Tuesday, February 3, 2009

Good Day


Every time I enter in my code to the gate at Miraloma (Sofia and Luca's preschool), I take a deep breath. I immediately find Moira's (Director) or Hala's (Teacher) eyes, searching for any remote sign of disappointment. Luca has not been doing well with the potty traning and we have found ourselves at a total loss. We don't really know what to do but we refuse to go back to diapers. Consequently, we are left with somewhere between 3 and 10 accidents in a day. Nothing says I feel wonderful like wiping poop 10 times in a day and then cleaning the underwear in the sink. It has been brutal. Sofia was such a dream, so I have been completely blindsided by how incredibly difficult this whole potty training thing could be. I try not to blame myself (yeah right) for all of this; we did push Luca really hard to potty train before he was ready. I just thought it would take longer but I thought it would eventually happen. Not so much. Luca is the most strong-willed child and fights hard when he feels any pressure at all. Naturally, he is fighting the potty like a champ.
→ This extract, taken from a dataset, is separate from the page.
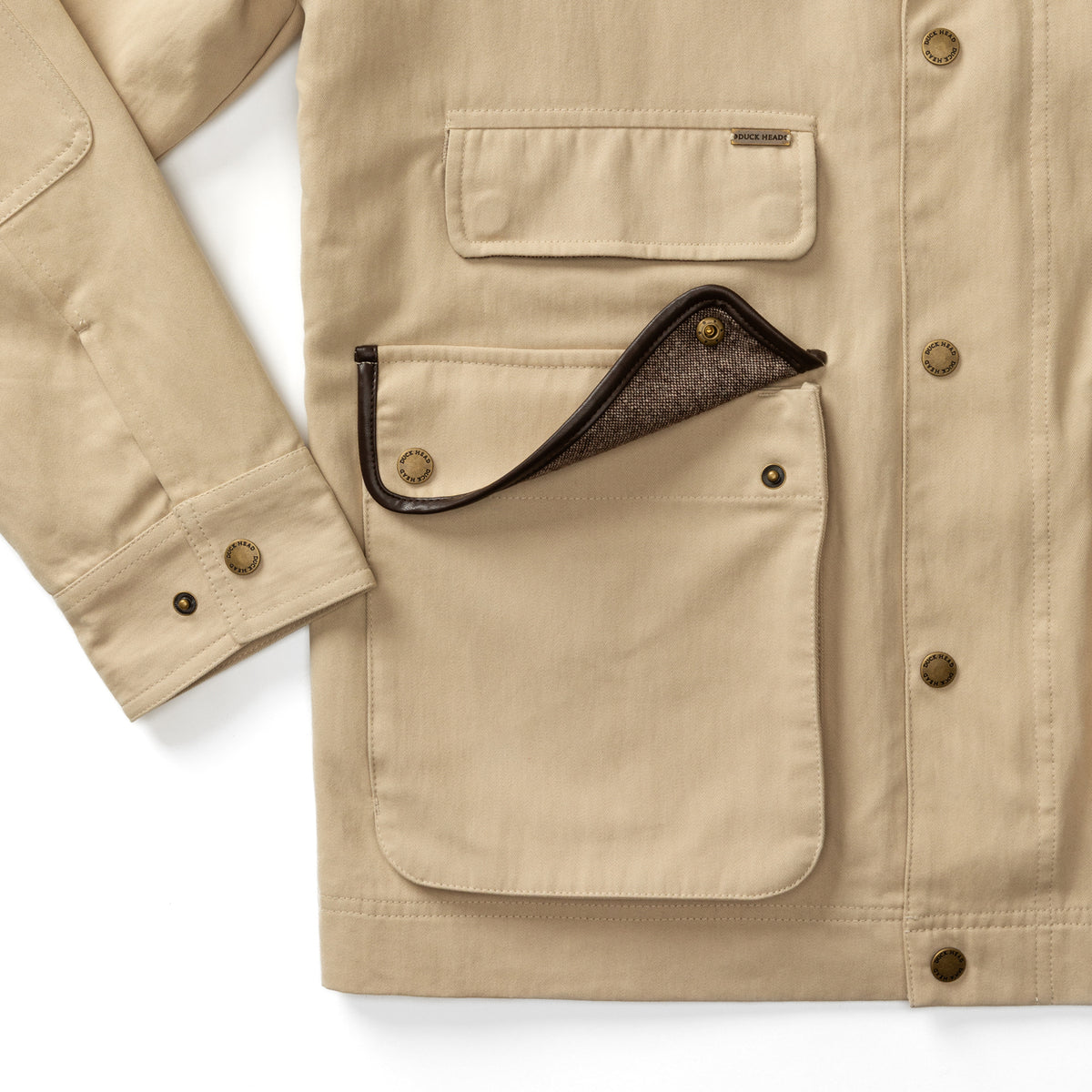 Excursion Jacket - Safari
Brian and I both feel like we need to release all of the energy around the potty (that sounds awesome) so that he will feel comfortable and in control. At the end of my day after 10 accidents, I have a very hard time being patient. I am trying. But today was a good day. I walked in to school with my heart pounding a bit as usual and met Hala eyes with a smile. She told me that she felt like Luca was "getting it." She feels like he is adjusting to school and is beginning to listen more attentively. Hala has been the perfect teacher for Luca. She is a potty training pro and always gets Luca to go without a fight. Hala has a a great way with him and he feels safe with her. I am so grateful for that. I am trying to surround Luca with tons of positive thoughts and affirmation. I know he really needs that right now. He has such a strong spirit and finds ways to amaze me every day. I know that we will have so many more good days ahead.